The New York Entity Startup Guide, your #1 source for the best attorneys in the Big Apple.
Entity Formation: LLC's Versus Corporation:
The type of business structure you chose for your company will affect the taxes, restrictions, benefits, and filing procedures your business will experience. In a sole proprietorship, taxes related to business profit and loss are filed under the individual’s personal taxes. If the business suffers significant losses shareholders will be held liable for the business’s losses. When deciding to incorporate as a Limited Liability Corporation, or an “S” or “C” Corporation, know which legal corporate structure is more beneficial for your business needs.
Limited Liability Corporation:
This is a popular formation for small businesses because of ease of administration. Unlike in corporations, LLC’s do not require stockholder meetings, board of directors meetings, or keep track of corporate minutes. Unlike in S-corporations, there are no restrictions for foreign investors or member numbers. LLC’s are popular formations for real estate companies because of tax structures. In an LLC, real estate gains are taxed at a capital gains rate, but in C Corporations that are taxed at a corporate tax rate. The disadvantage to an LLC is that there are no self-employment tax benefits, which an S-corporation has. It does however have some liability protection, but will depend on how many owners there are. If you are considering forming an LLC you should check your local incorporation laws to see if this formation is beneficial over an S-Corporation for your business income.
“S” or “C” Corporations:
Corporations have a lot of procedures that must be maintained. You must keep, follow, and update a “Corporate Book”. The book outlines the procedures the board members or other members need to take when opening a bank account for the company or acquiring another business.

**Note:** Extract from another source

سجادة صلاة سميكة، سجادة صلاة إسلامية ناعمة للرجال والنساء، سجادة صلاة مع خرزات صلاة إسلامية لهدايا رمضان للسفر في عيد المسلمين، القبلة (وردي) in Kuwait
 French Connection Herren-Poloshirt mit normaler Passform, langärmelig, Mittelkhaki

The book reflects the activities of the company over a specific time period. You must protect your business by following the rules of the book. Holding annual stockholders and board of directors meetings, and documenting corporate minutes are necessities for maintaining corporations.
S-corporations are a tax designation by the IRS indicating that profits and losses by your company will be filed under your personal taxes. Although you are liable for debts your company incurs, you are also free from corporate tax and avoid double-taxation. You also have a self-employment tax benefit, allowing you to save up to 50% on social security taxes and Medicare. You are responsible for keeping a Corporate Book and fulfilling your duties as a corporation.
C-corporations have very rigorous tax structures and are the most complex type of corporation to maintain. They are taxed at the corporate level then once shares are distributed to shareholders, they are taxed individually. However, they are able to distribute multiple classes of stock and have flexibility in ownership (owners are not required to be US citizens). Despite the difficult tax structure, C-corporations have many fringe benefits. They enjoy full deductions for medical expenses, health insurance, and disability insurance. They also have benefits with pension plans, life insurance, and several allowances.
Deciding which structure is the most appropriate type for your business takes a lot of analyzing. You must consider how much profit your business incurs, which tax structure you could benefit best from, and what restrictions are less relevant for your company. If you need assistance in forming your corporation seek professional help to get your business incorporated. It’ll save you from a lot of headaches and potential losses.